Petra Welzel ist Redakteurin der ver.di publik

Eine Schwangerschaft und die Geburt eines Kindes verlaufen in den allermeisten Fällen normal. Ohne Komplikationen, ohne bleibende Schäden. Das muss vorausgeschickt werden, wenn man kritisiert, dass vom Sommer 2015 an kein Versicherer mehr bereit ist, das Berufsrisiko von frei praktizierenden Hebammen mit einer Haftpflichtpolice abzusichern, wie es gesetzlich vorgeschrieben ist. Für die Hebammen hieße das: Berufsverbot.

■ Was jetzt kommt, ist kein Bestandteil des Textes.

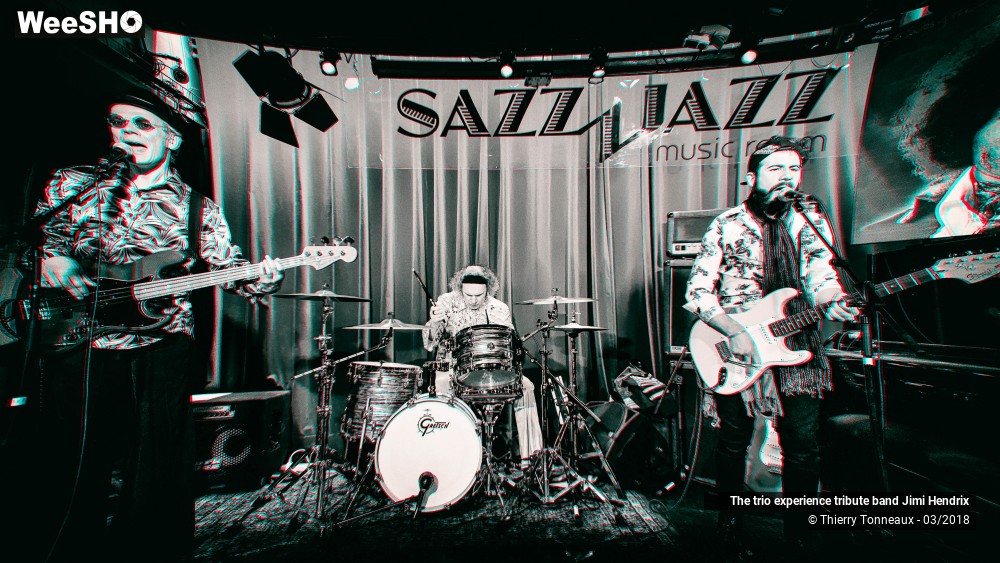 42/51 photos du spectacle The trio experience tribute band Jimi Hendrix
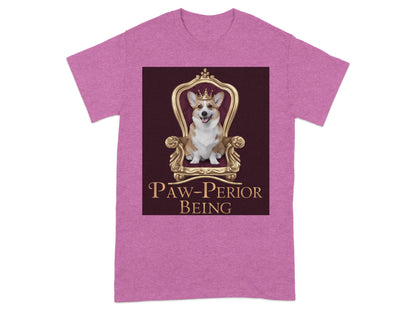 Paw-Perior Being Graphic Tee product type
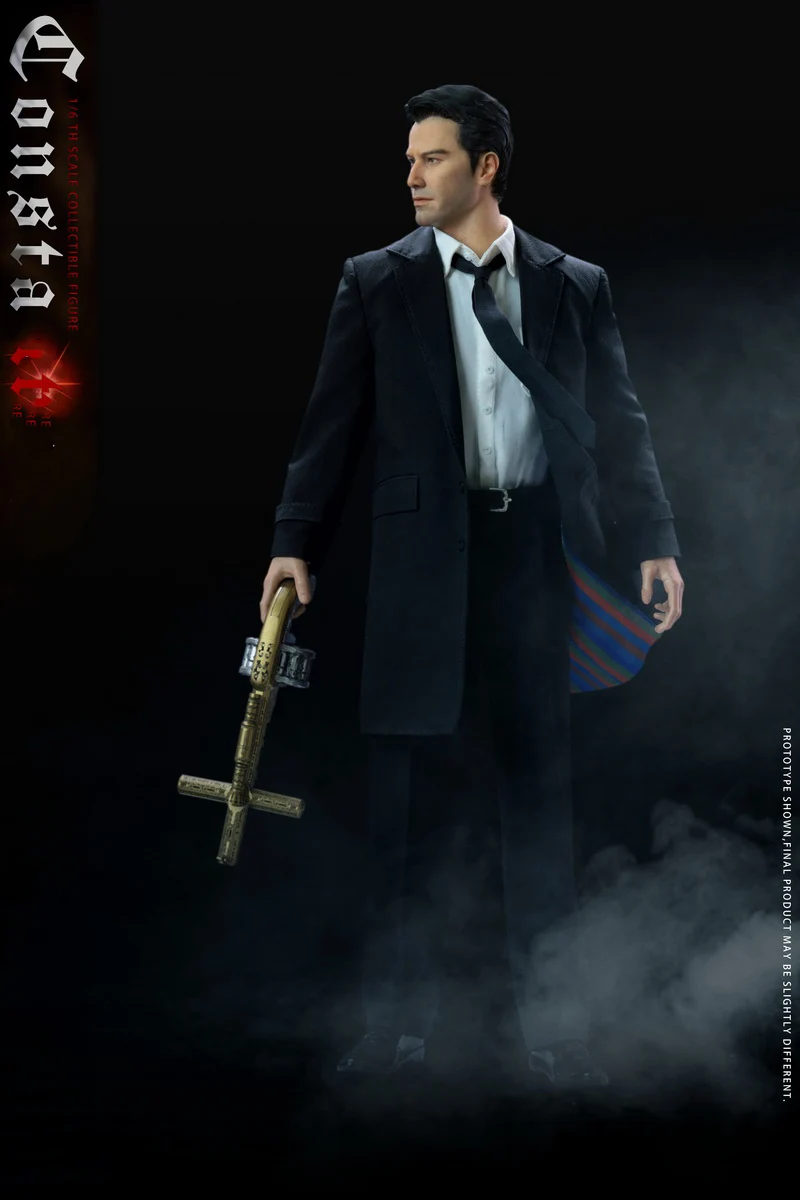 Doll Keanu Reeves Demon Hunter John Constantine 12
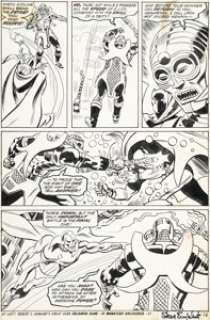 Don Heck and Frank Bolle - Avengers #112 Story Page 13 Original Art (Marvel, 1973)....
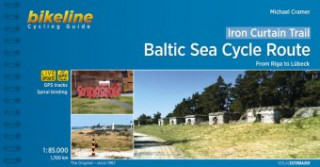 Carte Iron Curtain Trail Baltic Sea Cycle Route / Europa-Radweg Eiserner Vorhang Michael Cramer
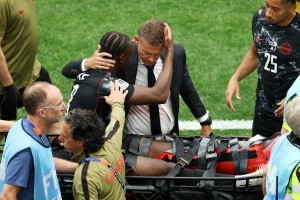 Kone suffers horrific leg break as Canada thrash Qatar 6-0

Wie immer geht es ums Geld. Die Zahl der Schäden ist zwar nicht gestiegen, sie bewegt sich seit Jahren um die 100 Fälle im Jahr - bei insgesamt rund 700.000 Geburten. Doch fallen die einzelnen Schadenersatzzahlungen heute höher aus als früher. In die Deckung eines Geburtsschadens fließen inzwischen auch Verdienstausfälle und Rentenansprüche eines Kindes ein, die es als gesunder Mensch wahrscheinlich erreichen könnte. Bis zu sechs Millionen Euro können da fällig werden. Und die Klagebereitschaft ist gestiegen. Nicht unbedingt bei den Eltern, aber durchaus bei den Krankenkassen, die die Behandlungskosten geschädigter Kinder wieder hereinholen wollen.

Dass aber diejenigen, die seit Menschengedenken die Kinder holen, dafür mit einem Aus ihres Berufsstandes bedroht werden, kommt dem Bild gleich, wo "das Kind mit dem Bade" ausgeschüttet wird. Das Risiko, bei einer stressfreien, sanften Hausgeburt oder bei einer Geburt in einem technisch voll ausgerüsteten Kreißsaal einer Klinik einen Geburtsschaden davonzutragen, ist statistisch gesehen nämlich gleich. Deshalb ist auch die Haltung der Versicherer wenig hilfreich. Sie werden ja auch bei Klinikgeburten zur Kasse gebeten.

Entscheidend ist, dass werdende Mütter weiterhin entscheiden können, wie, wo und mit wessen Unterstützung sie ihre Kinder zur Welt bringen wollen. Das Restrisiko kann ihnen sowieso niemand abnehmen. Aber der Staat oder die Solidargemeinschaft der Versicherten sollten wenigstens für die materiellen Kosten einstehen. Bevor die Hebammen aussterben.